Apache Tika Plugin

  • Tags: analysis
  • Latest: 1.3.0.1
  • Last Updated: 03 May 2013
  • Grails version: 2.0 > *
2 votes
Dependency:
compile ":tika-parser:1.3.0.1"

 Documentation  Source  Issues

Summary

Bundles the Apache Tika along with a parser service.

Installation

grails install-plugin tika-parser

Description

Apache Tika is a toolkit to extract content and metadata from many different file formats like MS Word or Excel, which are difficult to parse without the right libraries.

The tikaParser plugin provides an artifact 'tikaService', which offers a simple parseFile method to retrieve an XHTML representation of the given file containing both metadata and content.
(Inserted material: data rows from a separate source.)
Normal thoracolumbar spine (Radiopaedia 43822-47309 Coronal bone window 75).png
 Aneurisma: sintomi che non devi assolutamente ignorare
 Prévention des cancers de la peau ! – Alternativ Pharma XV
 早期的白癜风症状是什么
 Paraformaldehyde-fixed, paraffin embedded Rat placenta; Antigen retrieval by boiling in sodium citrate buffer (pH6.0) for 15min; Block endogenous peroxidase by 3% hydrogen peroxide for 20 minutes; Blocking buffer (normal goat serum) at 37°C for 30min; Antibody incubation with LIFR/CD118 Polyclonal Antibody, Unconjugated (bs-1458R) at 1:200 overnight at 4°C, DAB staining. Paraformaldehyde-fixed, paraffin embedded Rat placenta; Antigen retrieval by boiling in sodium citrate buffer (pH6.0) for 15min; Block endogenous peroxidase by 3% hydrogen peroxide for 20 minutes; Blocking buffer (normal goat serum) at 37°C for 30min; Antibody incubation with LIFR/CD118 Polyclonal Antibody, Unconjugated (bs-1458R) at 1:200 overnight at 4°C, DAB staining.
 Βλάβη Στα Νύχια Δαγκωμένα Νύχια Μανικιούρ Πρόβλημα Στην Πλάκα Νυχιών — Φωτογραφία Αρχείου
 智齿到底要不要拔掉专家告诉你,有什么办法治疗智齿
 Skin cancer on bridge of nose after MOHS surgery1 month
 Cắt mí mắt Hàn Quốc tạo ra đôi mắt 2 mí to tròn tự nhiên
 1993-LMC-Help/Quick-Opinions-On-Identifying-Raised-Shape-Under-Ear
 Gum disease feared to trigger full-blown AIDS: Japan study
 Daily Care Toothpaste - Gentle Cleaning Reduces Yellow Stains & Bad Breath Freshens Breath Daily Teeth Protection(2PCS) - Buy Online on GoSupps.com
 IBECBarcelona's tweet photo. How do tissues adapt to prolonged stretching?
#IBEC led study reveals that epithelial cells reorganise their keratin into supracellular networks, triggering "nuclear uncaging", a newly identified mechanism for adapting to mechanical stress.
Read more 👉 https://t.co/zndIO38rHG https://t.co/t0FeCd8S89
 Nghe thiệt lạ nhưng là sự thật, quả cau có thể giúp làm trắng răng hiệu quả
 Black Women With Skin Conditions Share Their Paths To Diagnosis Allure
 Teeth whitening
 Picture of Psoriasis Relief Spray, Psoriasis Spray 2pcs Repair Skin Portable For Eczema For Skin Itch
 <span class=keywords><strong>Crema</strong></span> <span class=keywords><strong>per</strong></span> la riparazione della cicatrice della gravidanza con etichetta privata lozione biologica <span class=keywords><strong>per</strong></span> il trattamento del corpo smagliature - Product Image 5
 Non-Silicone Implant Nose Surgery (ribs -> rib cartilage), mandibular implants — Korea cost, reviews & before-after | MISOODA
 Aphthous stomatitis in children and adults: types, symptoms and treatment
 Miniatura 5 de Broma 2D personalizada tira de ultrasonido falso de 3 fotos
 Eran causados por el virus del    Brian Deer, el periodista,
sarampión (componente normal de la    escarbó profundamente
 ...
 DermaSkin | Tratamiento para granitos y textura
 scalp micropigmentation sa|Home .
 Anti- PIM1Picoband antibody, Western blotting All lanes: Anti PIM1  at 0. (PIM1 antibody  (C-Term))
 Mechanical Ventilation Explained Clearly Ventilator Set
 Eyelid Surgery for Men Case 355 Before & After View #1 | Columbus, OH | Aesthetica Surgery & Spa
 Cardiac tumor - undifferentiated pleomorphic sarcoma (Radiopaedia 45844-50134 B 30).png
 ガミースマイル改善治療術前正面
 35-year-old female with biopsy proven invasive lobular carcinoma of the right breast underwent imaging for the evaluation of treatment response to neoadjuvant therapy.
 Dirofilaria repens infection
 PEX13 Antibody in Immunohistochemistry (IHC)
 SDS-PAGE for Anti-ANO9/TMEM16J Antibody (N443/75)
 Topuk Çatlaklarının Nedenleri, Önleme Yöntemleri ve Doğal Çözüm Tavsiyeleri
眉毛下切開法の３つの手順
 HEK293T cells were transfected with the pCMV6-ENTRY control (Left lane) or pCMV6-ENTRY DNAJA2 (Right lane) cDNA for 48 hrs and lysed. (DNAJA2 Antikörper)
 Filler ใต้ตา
Note: this plugin downloads 'all the things' that Tika depends on - which will increase your application's war size by about 10-30 MByte. But it saves you a huge amount of pain, trying to handle a lot of different file formats on your own and managing the individual parser libraries required to read them.

Usage scenario

This plugin is used by the open source Cinnamon CMS in combination with Apache Lucene to index the content of all kind of documents and provide powerful search capabilities. For example, with the XHTML representation of a MS Word file, you can define XPath based index items to index headlines and content separately. Then, a user may search for a word document containing a headline with the word "Tika" and the word "Grails" in the content.